In De Russische tarot hangt de Gehangene aan een levende boom, waaraan een overvloed aan appels groeit. De appels zijn rijp, en ze vallen overvloedig naar beneden. Boven op het kruis zit een prachtige vuurvogel, die graag appels lust. In Rusland is de appel een populaire, smakelijke vrucht. De appel heeft twee tegenstrijdige symbolische betekenissen: symbool van maagdelijke godheid (Great Goddess, Grote Godin; zie ook de vrouwelijke vorm van de appel, met name van het binnenste klokhuis!), en het symbool van het kwaad, de verleiding (Adam en Eva!).

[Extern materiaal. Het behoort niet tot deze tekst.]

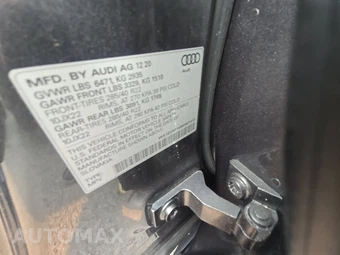 2021 Audi Q8 Premium Plus – miniatura 14
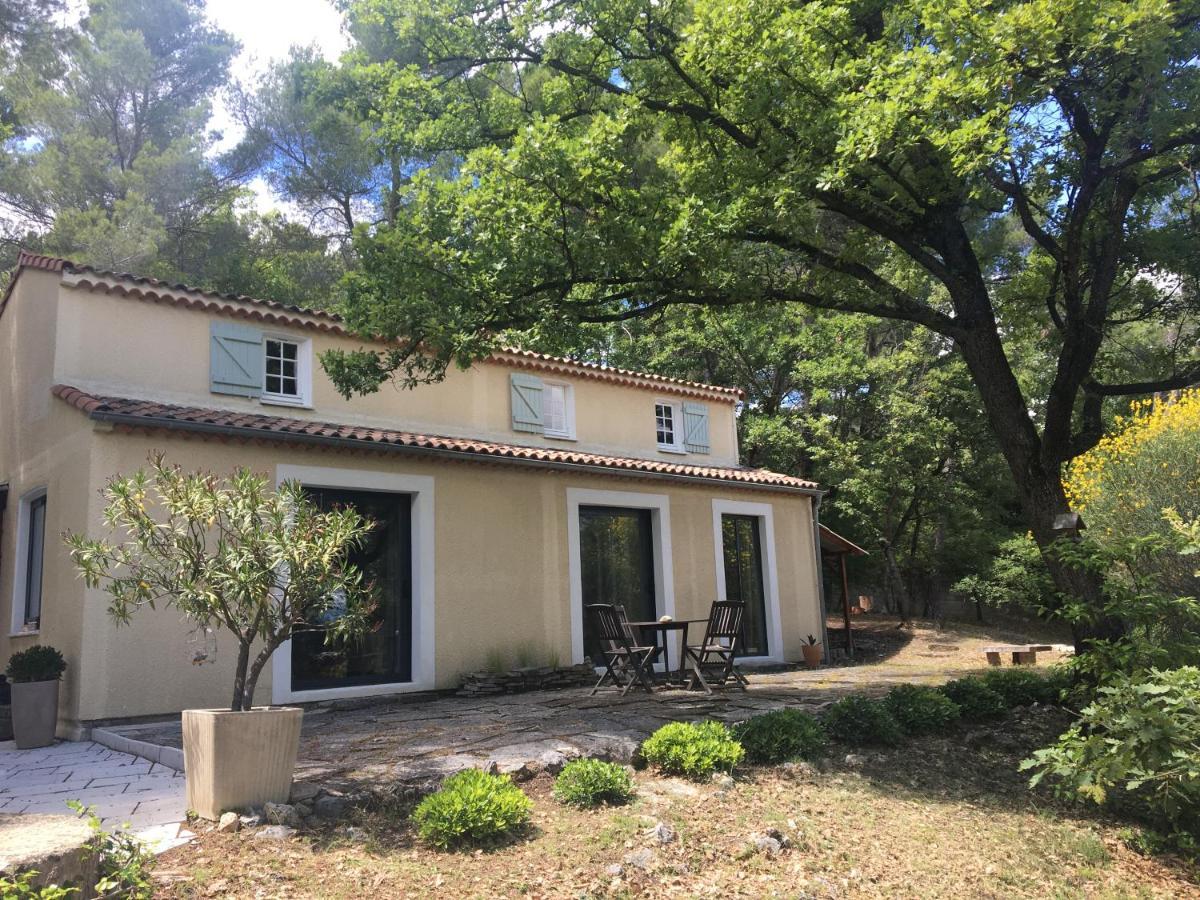 Villa De Carbonelle Pierrevert Kültér fotó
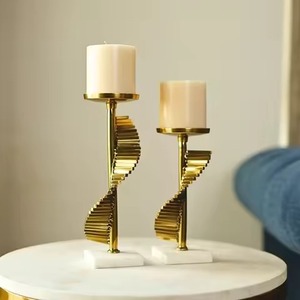 Élégant Porte-Bougie Décoratif en Métal pour les Fêtes, Idéal pour une Décoration d'Événements Haut de Gamme - Product Image 5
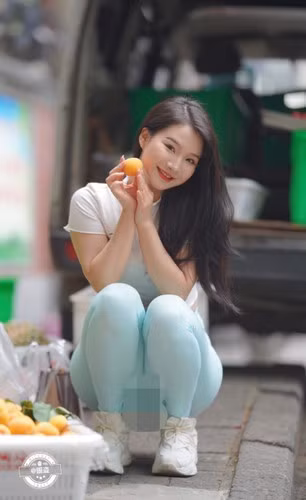 Chẳng rõ là vô tình hay cố ý nhưng việc diện chiếc quần bó sát khiến cô gái gặp rất nhiều vấn đề mà đặc biệt đến từ ánh mắt của những người xung quanh.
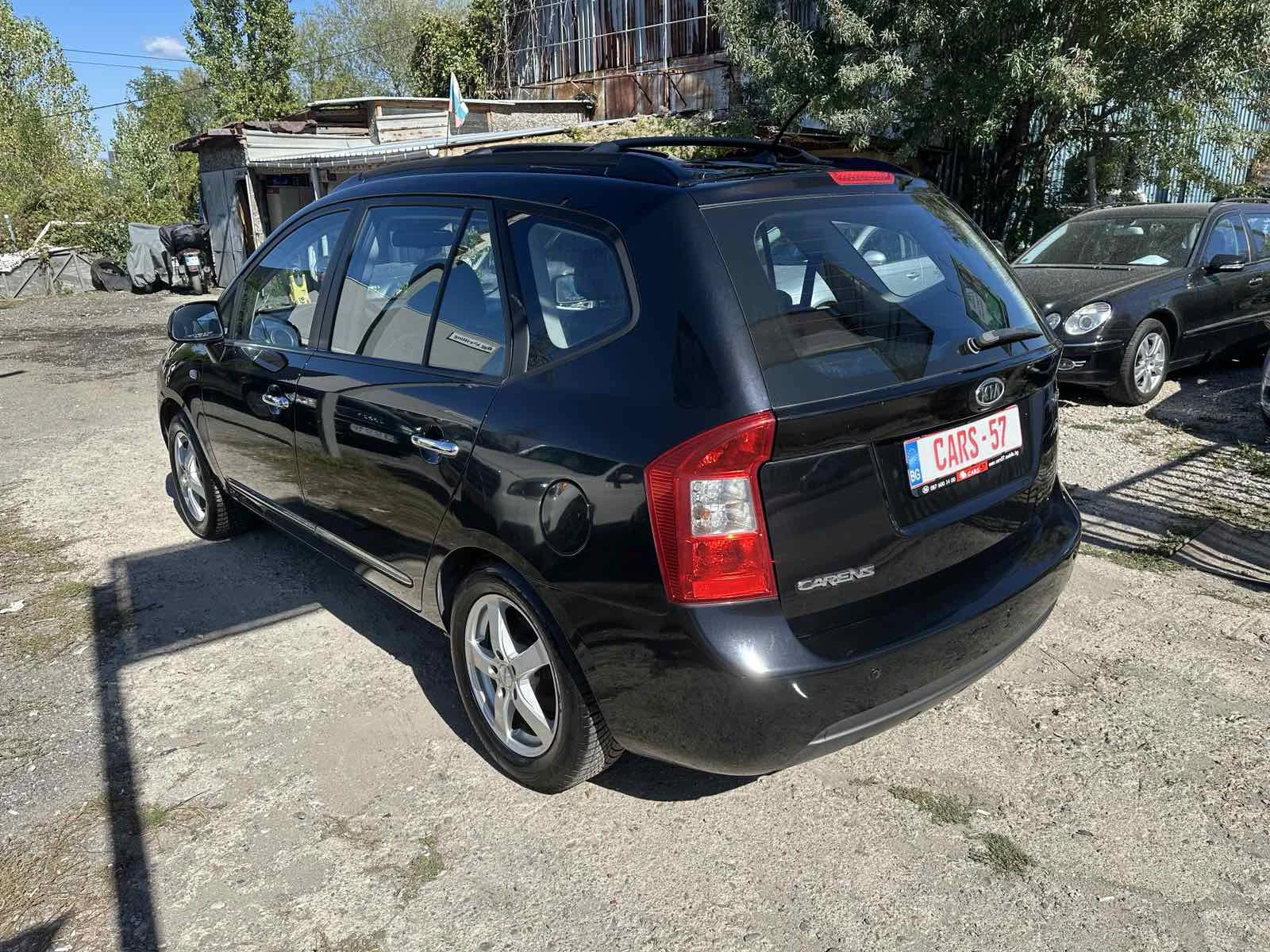 Kia Carens 2.0CRDI Кожен салон - изображение 4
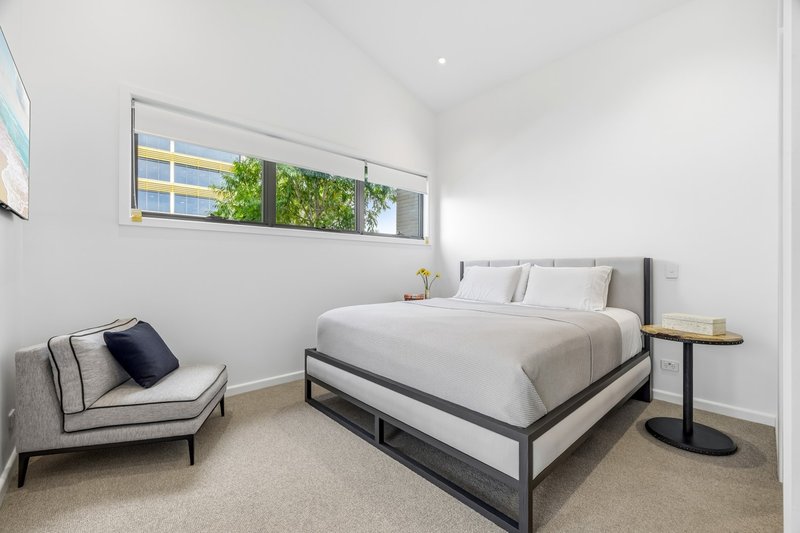 Photo - 1005/18 Spitfire Banks Drive, Pelican Waters QLD 4551 - Image 7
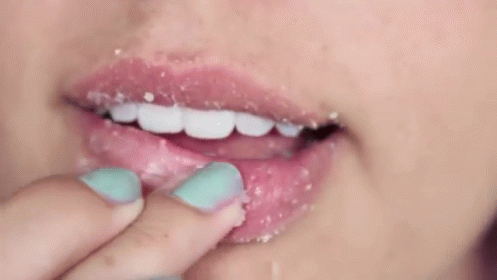 mulher-massageando-os-labios-com-as-maos mulher-massageando-os-labios-com-as-macc83os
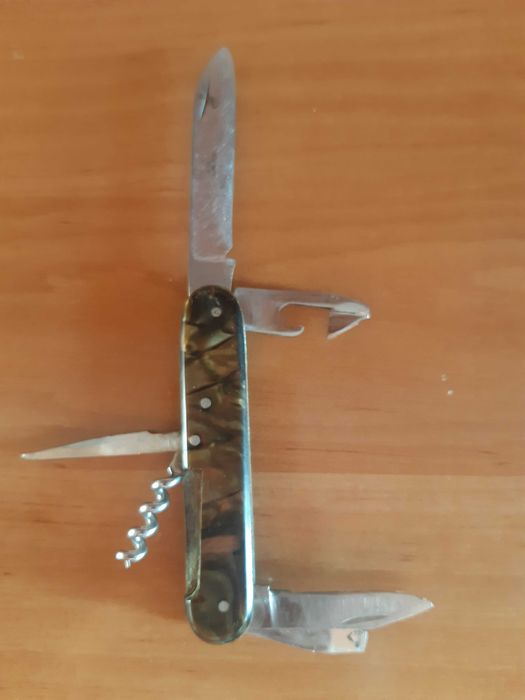 Колекционерски джобни ножчета, Бг производство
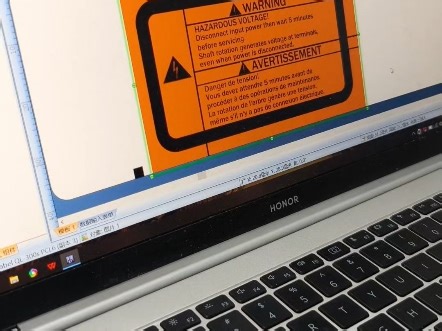 警示标签打印加覆膜方案，应用广泛，终身相伴#quicklabel#标签覆膜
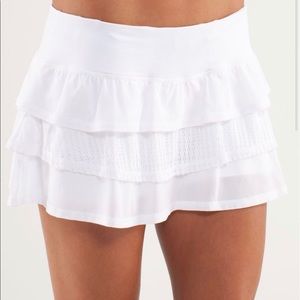 Lululemon Nothing to Hide Skirt White size 6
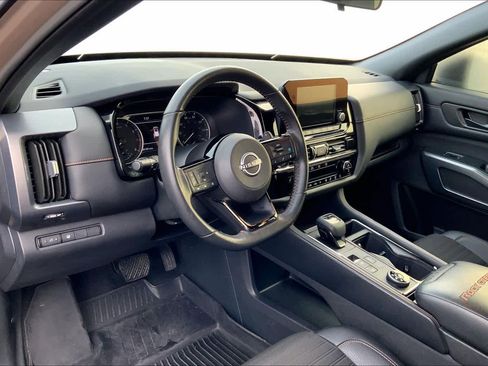 Used 2023 Nissan Pathfinder Rock Creek image 17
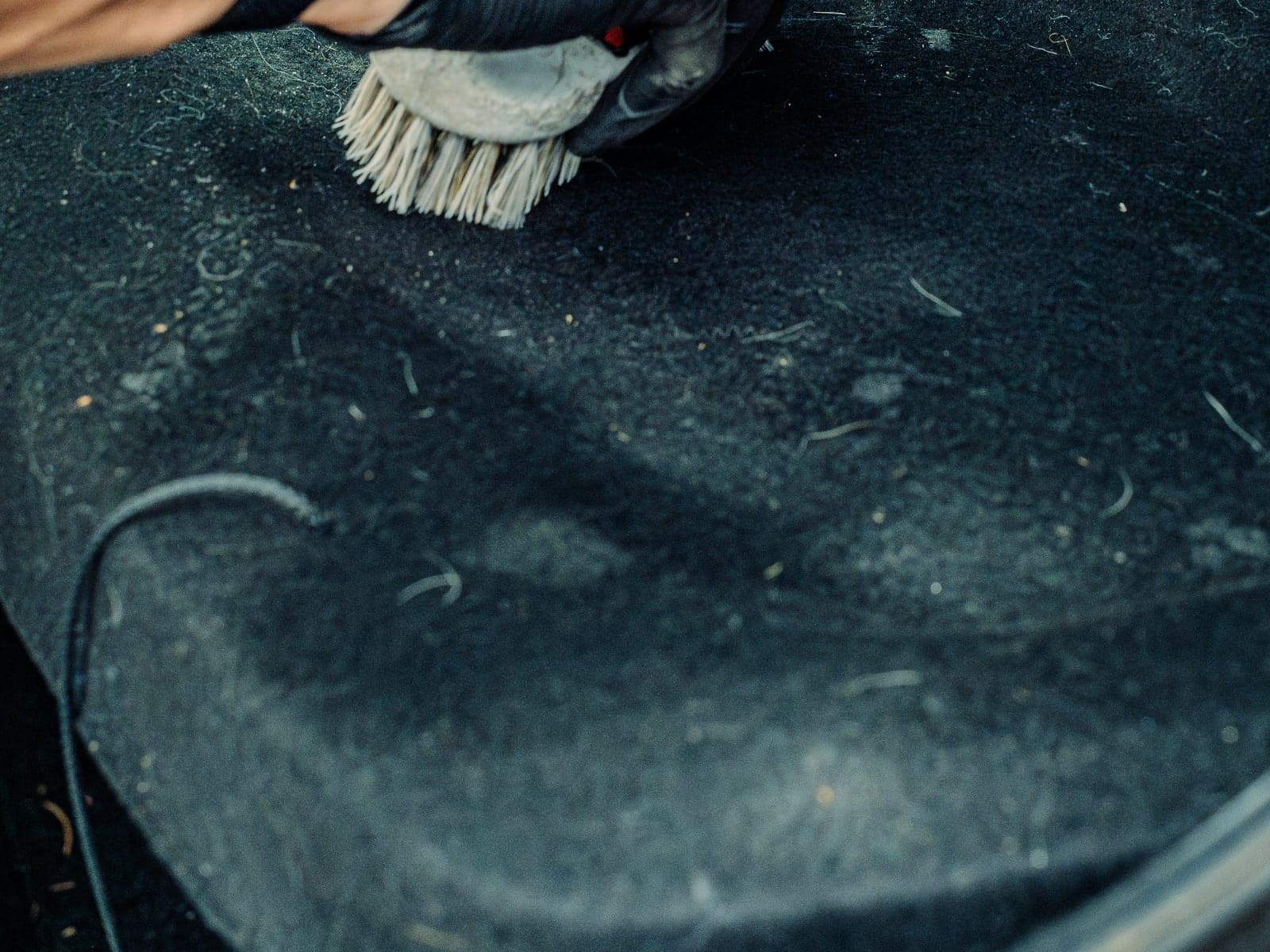 Passages répétés à la brosse sur une surface d'habitacle très encrassée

De Gehangene ziet de appels als rijpe vruchten overvloedig om zich heen, hij ziet ze vallen, maar kan er niet bij. Er blijven vragen over. Het lijkt of de vuurvogel in de touwen pikt waarmee de Gehangene is vastgebonden; zal de Grote Godin de Gehangene de vrijheid schenken en hem als troost appels te eten geven (appel voor de dorst!)? Zit de gehangene in het spanningsveld tussen moraliteit en immoraliteit?
Het spanningsveld dat zich voordoet is dat van de omkering; de Gehangene ziet ‘de omgekeerde wereld’, en kennelijk geeft dat te denken. Tegelijk duidt de wijze waarop dit is weergegeven niet op de dood of het einde, maar op tekenen van leven: appels voor de dorst, de vuurvogel als teken van vrijheid en vitaliteit. Het lijkt er op of de Gehangene in een benarde situatie terecht is gekomen, maar in die benarde situatie ineens andere perspectieven ziet die hem te denken geven. De moeilijke positie geeft hem de kans het leven anders te zien, en dat intrigeert hem. Hij lijkt al vooruit te kijken, en te weten dat hij met de nieuw verworven zienswijze het leven beter aan zal kunnen. Wellicht ook: dat hij dan, in vrijheid, kan genieten van wat nu onbereikbaar is - het symbool van de appels. De vuurvogel lijkt zijn kameraad te zijn geworden die hem niet in de steek laat. Kortom: er is hoop voor de Gehangene!
De afbeelding bij Crowley is ‘harder’ dan bij Waite en de Russische tarot. Beide handen en een voet zijn vastgespijkerd, het hoofd drukt lijden uit, ‘nederdaling ter helle’. Het vertrouwen in de intuïtie is verloren geraakt. Het vastzitten in de eigen verstarde instelling en zienswijze is erin te herkennen. Alles lijkt verloren. De bovenkant van de kaart geeft het perspectief aan: er is hoop! De handen en de voet zijn niet vastgespijkerd aan een vaststaand kruis, maar aan losse ronde elementen. Het enige vaste punt is de lus war de ‘vrije’ voet in zit. Met deze voet kan de gehangene een signaal geven, waardoor hij opgetrokken wordt door iemand aan de andere kant, en zichzelf in vrijheid kan stellen. Nodig is dat wordt geaccepteerd dat je de situatie niet meester kan worden door de eigen controle, maar door overgave (capitulatie) aan de stroom van het Tao. Dan wordt de gehangene als vanzelf weer opgericht, en kan hij verder.
Uitnodiging: laat je verstarde patronen los, bekijk de zaak van de andere kant, word je gewaar van je werkelijkheid, geef je over aan de stroom van het Tao.